Cross posted on ConservationBytes.com
Aldo Leopold famously described the curse of an ecological education as “to be the doctor who sees the marks of death in a community that believes itself well and does not want to be told otherwise”.
Ecologists do have a tendency for making dire warnings for the future, but for anyone concerned about the myriad of problems currently facing the Earth — climate change, an ongoing wave of species extinctions and impending peak oil, phosphate, water , (everything?) crises – the continued ignorance or ridicule of such warnings can be a frustrating experience. Environmental degradation and ecological overshoot isn’t just about losing cute plants and animals, given the widespread acceptance that long term human wellbeing ultimately rests on the ability for the Earth to supply us with ecosystem services.
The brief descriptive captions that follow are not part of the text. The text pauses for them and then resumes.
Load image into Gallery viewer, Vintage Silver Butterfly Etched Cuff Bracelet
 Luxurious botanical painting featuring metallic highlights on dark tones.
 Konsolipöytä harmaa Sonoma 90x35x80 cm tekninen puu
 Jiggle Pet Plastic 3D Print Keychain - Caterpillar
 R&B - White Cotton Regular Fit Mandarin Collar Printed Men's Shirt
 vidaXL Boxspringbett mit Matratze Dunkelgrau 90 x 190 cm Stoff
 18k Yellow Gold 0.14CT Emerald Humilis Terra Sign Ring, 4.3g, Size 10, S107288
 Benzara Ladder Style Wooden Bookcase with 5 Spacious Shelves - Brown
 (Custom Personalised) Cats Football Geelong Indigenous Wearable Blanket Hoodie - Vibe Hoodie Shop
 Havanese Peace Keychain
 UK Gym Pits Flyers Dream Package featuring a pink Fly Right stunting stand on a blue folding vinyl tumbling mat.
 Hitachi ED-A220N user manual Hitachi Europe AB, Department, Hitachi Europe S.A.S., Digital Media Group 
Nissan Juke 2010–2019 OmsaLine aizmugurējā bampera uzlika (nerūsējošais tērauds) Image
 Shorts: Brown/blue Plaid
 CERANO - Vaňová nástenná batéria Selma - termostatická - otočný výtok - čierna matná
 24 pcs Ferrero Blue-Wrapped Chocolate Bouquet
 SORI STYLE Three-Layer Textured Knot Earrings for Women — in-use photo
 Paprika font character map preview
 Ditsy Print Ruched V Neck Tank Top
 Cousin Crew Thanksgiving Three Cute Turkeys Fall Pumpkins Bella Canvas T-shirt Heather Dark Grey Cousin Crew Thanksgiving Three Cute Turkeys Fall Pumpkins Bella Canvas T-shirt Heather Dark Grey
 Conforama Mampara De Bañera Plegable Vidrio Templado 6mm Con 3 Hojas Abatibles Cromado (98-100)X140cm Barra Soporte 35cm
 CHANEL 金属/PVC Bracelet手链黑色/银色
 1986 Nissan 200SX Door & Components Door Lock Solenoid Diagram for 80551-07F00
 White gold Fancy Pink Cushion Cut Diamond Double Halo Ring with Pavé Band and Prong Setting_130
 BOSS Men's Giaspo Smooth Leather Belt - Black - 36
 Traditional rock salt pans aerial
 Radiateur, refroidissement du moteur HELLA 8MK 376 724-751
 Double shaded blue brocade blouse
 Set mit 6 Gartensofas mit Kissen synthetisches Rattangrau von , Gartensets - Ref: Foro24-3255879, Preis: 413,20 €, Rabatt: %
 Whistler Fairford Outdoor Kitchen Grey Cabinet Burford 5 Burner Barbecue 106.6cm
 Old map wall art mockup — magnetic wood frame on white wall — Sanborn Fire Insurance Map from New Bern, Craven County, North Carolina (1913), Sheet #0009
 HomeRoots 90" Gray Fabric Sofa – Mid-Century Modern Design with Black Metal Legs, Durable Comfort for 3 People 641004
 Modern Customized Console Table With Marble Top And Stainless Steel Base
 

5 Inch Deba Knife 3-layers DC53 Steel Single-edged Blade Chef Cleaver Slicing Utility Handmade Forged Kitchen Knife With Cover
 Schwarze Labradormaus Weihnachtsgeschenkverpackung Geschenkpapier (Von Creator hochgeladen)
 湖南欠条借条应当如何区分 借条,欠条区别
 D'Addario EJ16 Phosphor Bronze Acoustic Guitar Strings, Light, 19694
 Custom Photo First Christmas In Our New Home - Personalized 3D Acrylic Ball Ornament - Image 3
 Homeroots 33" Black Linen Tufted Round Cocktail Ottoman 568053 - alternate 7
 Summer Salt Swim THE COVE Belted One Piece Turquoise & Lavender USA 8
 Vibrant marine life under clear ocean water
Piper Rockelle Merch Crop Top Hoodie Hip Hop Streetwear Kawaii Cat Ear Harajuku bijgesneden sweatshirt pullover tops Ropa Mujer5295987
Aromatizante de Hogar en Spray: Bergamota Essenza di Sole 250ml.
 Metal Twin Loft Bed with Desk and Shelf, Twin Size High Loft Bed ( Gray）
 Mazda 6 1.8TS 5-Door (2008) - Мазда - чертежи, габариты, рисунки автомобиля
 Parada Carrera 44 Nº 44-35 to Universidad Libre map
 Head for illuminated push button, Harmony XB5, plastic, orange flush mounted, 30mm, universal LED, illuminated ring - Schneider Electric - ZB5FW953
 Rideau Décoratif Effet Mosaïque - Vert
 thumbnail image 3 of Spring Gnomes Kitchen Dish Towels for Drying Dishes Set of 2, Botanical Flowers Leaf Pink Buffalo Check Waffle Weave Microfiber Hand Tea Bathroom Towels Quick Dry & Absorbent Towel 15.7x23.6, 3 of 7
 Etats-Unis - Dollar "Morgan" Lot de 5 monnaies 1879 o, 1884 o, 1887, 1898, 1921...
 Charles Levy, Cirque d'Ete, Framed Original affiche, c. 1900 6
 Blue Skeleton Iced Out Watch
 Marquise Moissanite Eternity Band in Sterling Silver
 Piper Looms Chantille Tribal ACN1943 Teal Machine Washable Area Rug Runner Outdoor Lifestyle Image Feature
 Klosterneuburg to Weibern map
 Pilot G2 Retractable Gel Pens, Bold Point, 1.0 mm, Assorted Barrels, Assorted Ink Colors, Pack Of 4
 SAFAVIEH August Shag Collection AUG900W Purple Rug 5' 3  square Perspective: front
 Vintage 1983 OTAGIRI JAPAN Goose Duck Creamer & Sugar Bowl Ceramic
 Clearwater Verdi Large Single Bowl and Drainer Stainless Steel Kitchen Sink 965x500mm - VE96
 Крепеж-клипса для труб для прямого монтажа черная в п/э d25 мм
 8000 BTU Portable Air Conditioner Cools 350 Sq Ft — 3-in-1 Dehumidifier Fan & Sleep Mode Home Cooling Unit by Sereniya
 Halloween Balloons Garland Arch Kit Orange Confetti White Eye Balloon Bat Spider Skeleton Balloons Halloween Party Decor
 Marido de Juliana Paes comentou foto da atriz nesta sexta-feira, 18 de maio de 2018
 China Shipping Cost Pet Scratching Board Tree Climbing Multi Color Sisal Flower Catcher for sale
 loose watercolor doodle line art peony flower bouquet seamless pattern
In light of this doom and gloom, things were shaken up a bit late last year when an article1 published in Bioscience pointed out that in spite of declines in the majority of ecosystem services considered essential to human wellbeing by The Millenium Ecosystem Assessment (MA), aggregate human wellbeing (as measured by the Human Development Index) has risen continuously over the last 50 years. Ciara Raudsepp-Hearne and the co-authors of the study suggested that these conflicting trends presented an ‘environmentalist’s paradox’ of sorts – do we really depend on nature to the extent that ecologists have led everyone to believe?